Declaring climate change “an issue of our time,” Montgomery County Department of Environmental Protection Acting Director Adriana Hochberg said the county reduced greenhouse gas emissions by 19% as of 2018 as compared to what emissions were in 2005.

The goal is to reduce those emissions by 80% by 2027 and 100% by 2035 as compared to what they were in 2005, she said during Wednesday’s Metropolitan Council of Governments meeting.

The county’s Climate Action Plan covers many aspects, including car and building emissions and carbon sequestration, which is a natural or artificial process in which carbon dioxide is removed from the atmosphere and held in solid or liquid form.

Hochberg said the county is reducing emissions with an eye on racial equity and is including people of color in its work groups and the neighborhoods where they live into its plans. Adding diverse voices and concentrating on areas that had a low response rate to the 2020 U.S. census is a goal of the county, she said.

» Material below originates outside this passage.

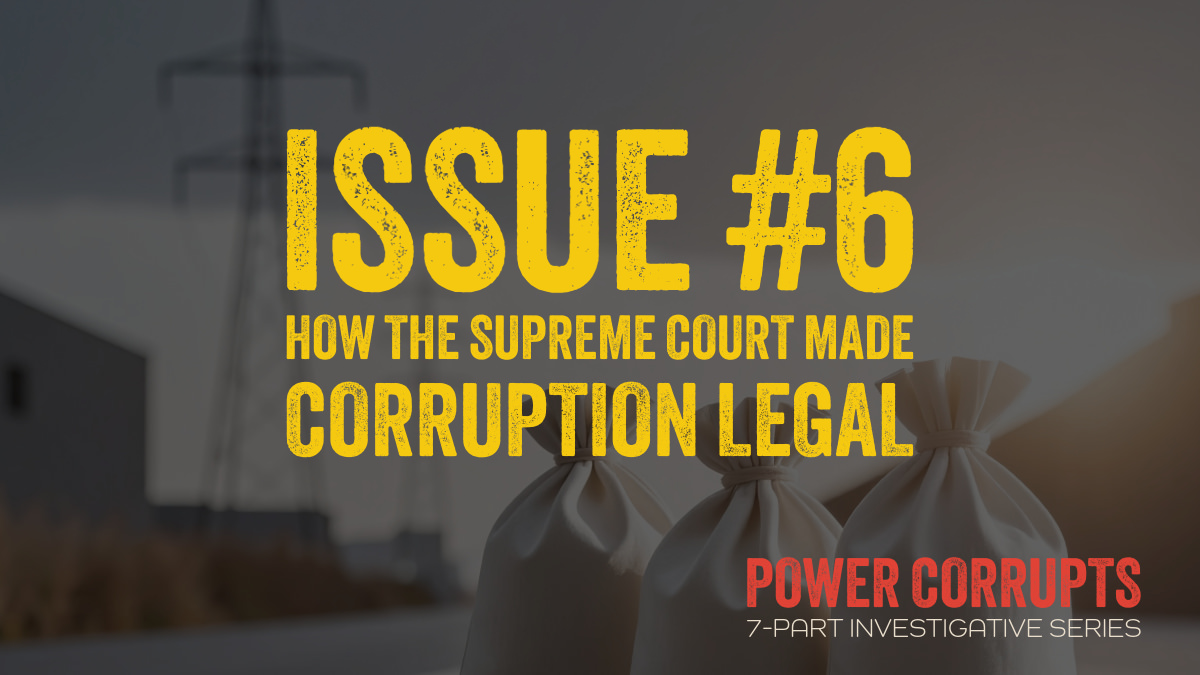 dickmunson's tweet image. 🏦How did utility corruption become legal?
Supreme Court decisions opened dark money floodgates and made bribery nearly impossible to prosecute.
Ohio Senate races: $45K (2004) → $100M (2022)
The legal framework that enabled billions in corruption: tinyurl.com/power-corrupts… 6/7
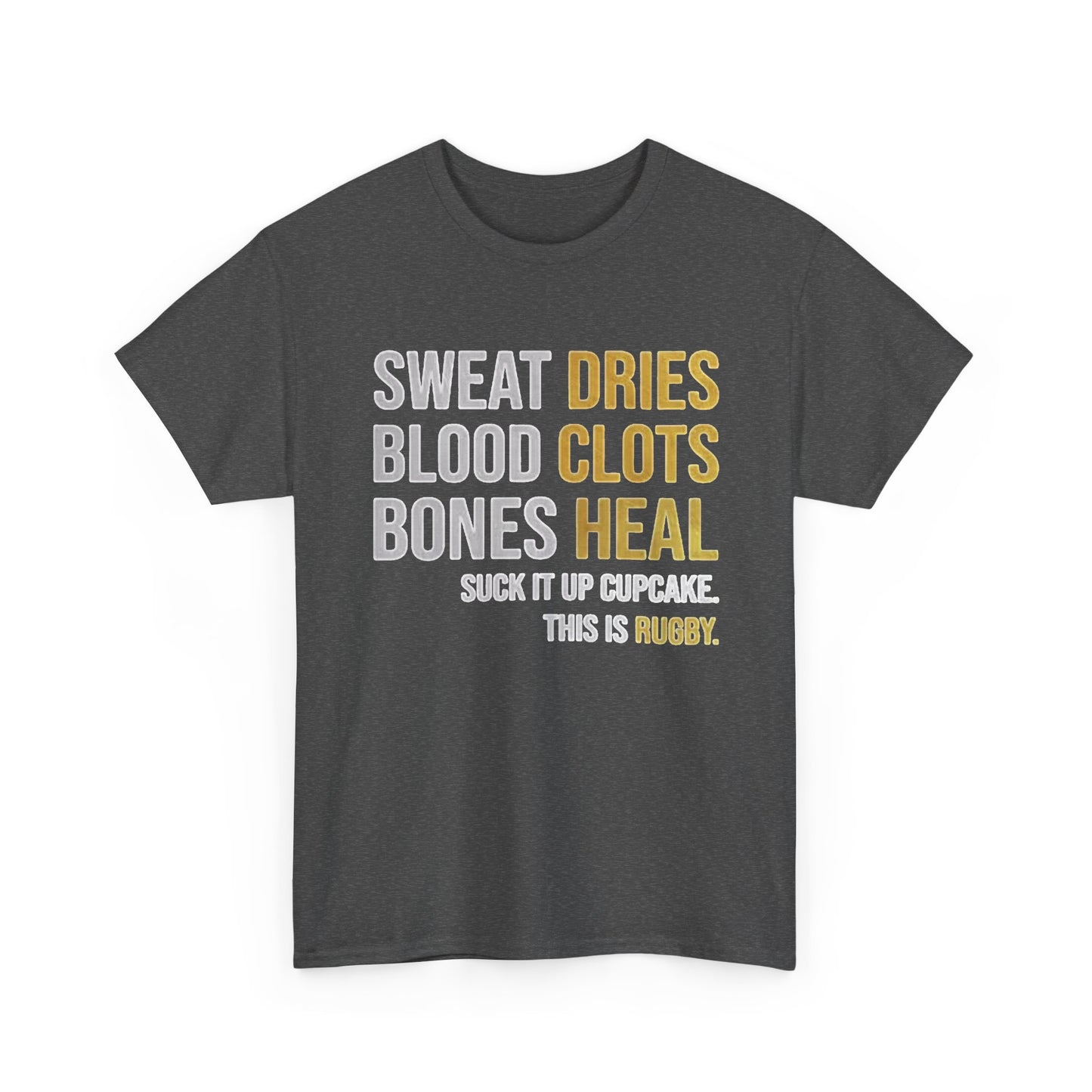 Rugby Graphic T Shirt Funny Football Club Sports Unisex Heavy Cotton Tee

As the county cleans up its environment, it expects to add between 2,600 and 3,300 new jobs each year through 2050. Some of those jobs will be paid internships,with the goal of getting young people involved “so we can train the next generation of climate leaders,” Hochberg said.

The daily high and daily low temperatures in the county have been increasing by two-tenths of a degree Fahrenheit per decade. The average temperature already has risen by 2.6 degrees Fahrenheit since 1901, according to the Climate Action Plan.

The increased number of hours where more than one inch of rain falls in an hour has increased since 2010 as has the number of significant floods reported.

“Significant shifts” are needed on how the county generates and uses energy, how residents heat and cool their homes and how businesses heat and cool their buildings, it states in the plan. The county intends to continue buying electric vehicles, retain and increase its forests and tree canopy and grow the carbons in the soils through improved agricultural practices.

The county also is updating its flood plain maps, working on on-site water re-use and updating green streetscapes with the goal of lowering its carbon footprint.